» What you need to do: Only one stretch of the data below is needed. Output the lines from the one with "Palmowy korowód przeszedł" up to and including the one with "şifre güvenliği, parola", exactly as they stand.

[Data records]
━━━
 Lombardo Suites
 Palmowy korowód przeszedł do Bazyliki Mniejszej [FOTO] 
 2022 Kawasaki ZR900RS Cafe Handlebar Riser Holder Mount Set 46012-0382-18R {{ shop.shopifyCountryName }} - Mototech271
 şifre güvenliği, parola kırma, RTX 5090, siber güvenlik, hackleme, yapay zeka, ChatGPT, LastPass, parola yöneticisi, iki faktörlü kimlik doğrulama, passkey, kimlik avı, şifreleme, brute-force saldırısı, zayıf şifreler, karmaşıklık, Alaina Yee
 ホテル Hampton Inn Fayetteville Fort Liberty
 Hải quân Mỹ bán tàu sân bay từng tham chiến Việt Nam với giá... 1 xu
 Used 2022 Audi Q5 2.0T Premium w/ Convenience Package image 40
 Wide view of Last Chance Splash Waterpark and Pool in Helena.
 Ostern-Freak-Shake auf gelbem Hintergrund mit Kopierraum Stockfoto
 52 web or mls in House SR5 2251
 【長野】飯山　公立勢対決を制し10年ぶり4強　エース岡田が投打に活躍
━━━
» Result of this exercise:
 Palmowy korowód przeszedł do Bazyliki Mniejszej [FOTO] 
 2022 Kawasaki ZR900RS Cafe Handlebar Riser Holder Mount Set 46012-0382-18R {{ shop.shopifyCountryName }} - Mototech271
 şifre güvenliği, parola kırma, RTX 5090, siber güvenlik, hackleme, yapay zeka, ChatGPT, LastPass, parola yöneticisi, iki faktörlü kimlik doğrulama, passkey, kimlik avı, şifreleme, brute-force saldırısı, zayıf şifreler, karmaşıklık, Alaina Yee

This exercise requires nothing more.